▸ REQUIRED WORK: The answer must reproduce exactly the lines from the one with "Eine Grafische Illustration" through the end of the material, and it must contain no pictures.

▸ DATA SUPPLIED:
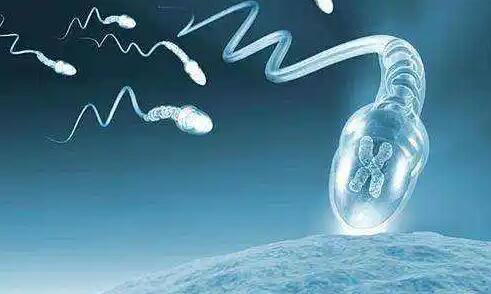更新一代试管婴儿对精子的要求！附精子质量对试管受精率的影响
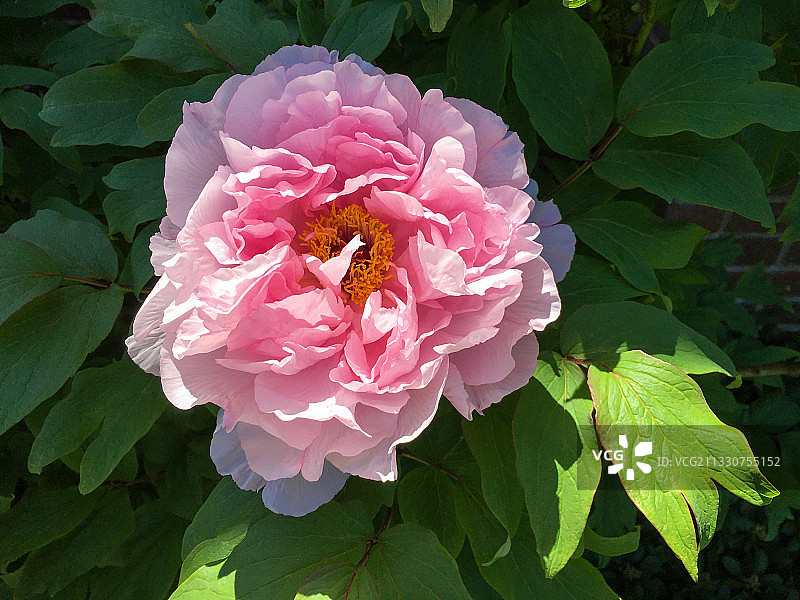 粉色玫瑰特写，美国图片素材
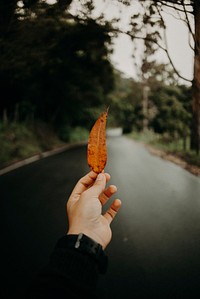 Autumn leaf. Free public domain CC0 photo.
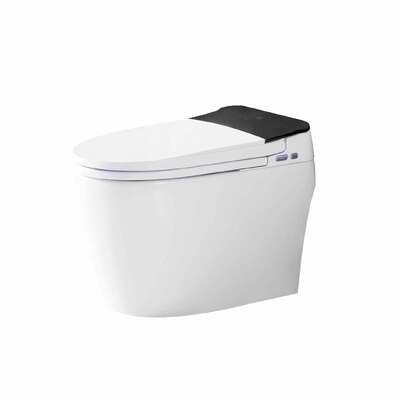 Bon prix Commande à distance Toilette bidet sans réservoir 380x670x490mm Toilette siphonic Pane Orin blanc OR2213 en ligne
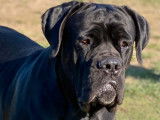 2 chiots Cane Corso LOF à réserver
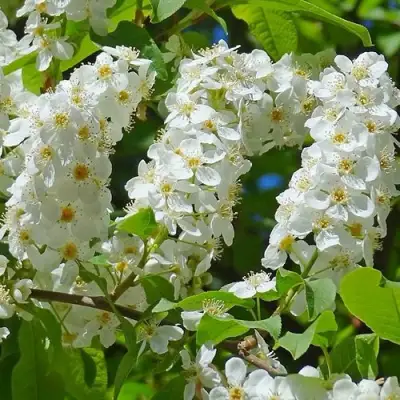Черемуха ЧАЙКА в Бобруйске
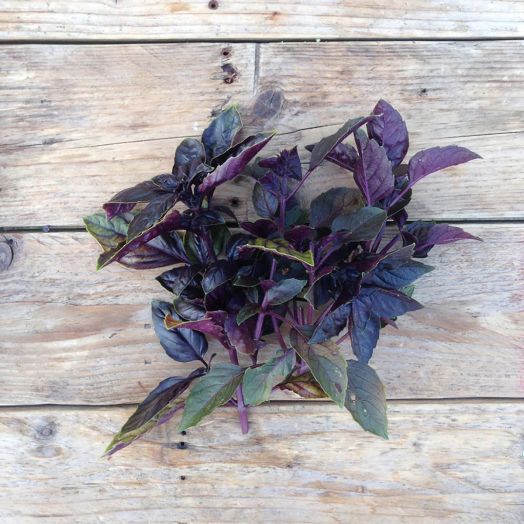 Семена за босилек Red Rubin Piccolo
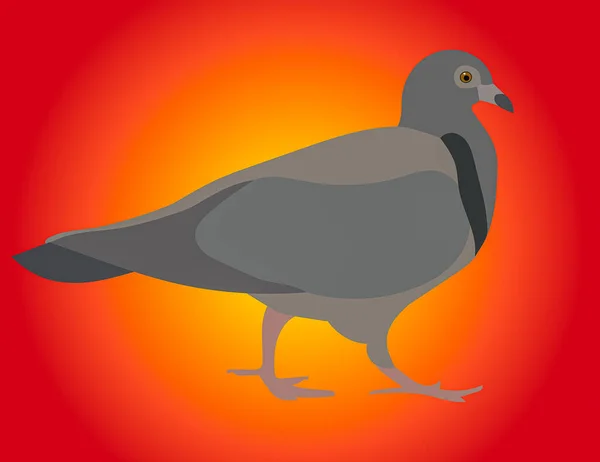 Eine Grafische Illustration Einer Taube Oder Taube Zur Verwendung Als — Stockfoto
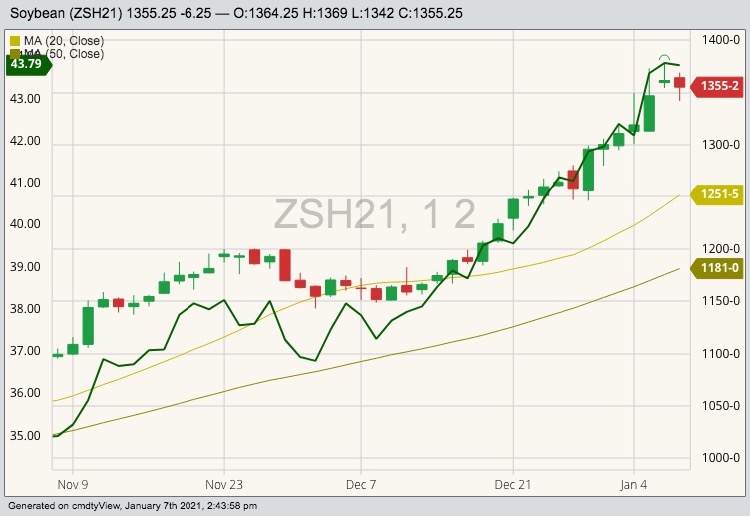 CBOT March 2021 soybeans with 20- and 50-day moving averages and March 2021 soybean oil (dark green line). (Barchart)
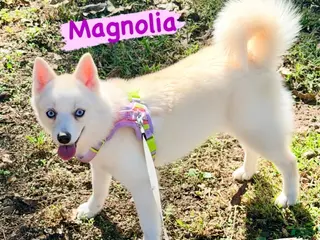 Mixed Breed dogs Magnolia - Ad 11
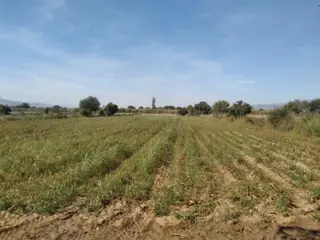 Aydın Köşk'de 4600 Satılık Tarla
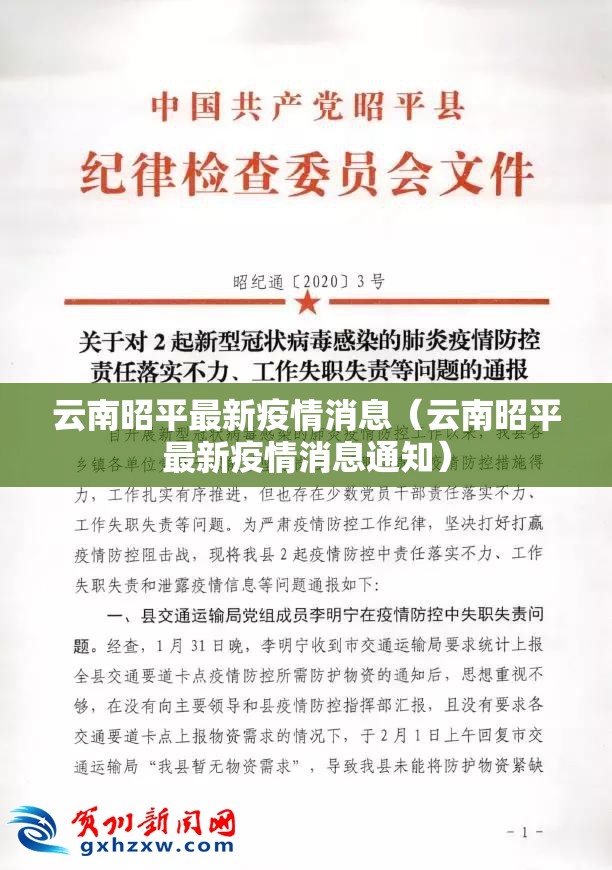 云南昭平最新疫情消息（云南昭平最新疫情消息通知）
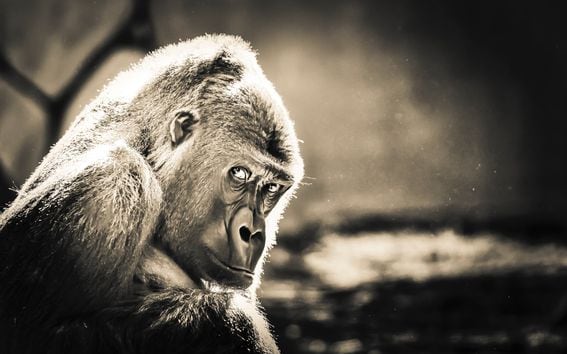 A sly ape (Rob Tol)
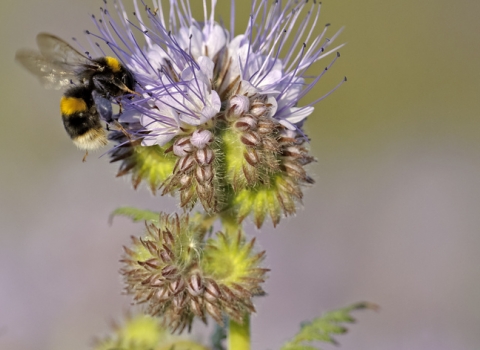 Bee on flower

▸ OUTPUT:
 Eine Grafische Illustration Einer Taube Oder Taube Zur Verwendung Als — Stockfoto
 CBOT March 2021 soybeans with 20- and 50-day moving averages and March 2021 soybean oil (dark green line). (Barchart)
 Mixed Breed dogs Magnolia - Ad 11
 Aydın Köşk'de 4600 Satılık Tarla
 云南昭平最新疫情消息（云南昭平最新疫情消息通知）
 A sly ape (Rob Tol)
 Bee on flower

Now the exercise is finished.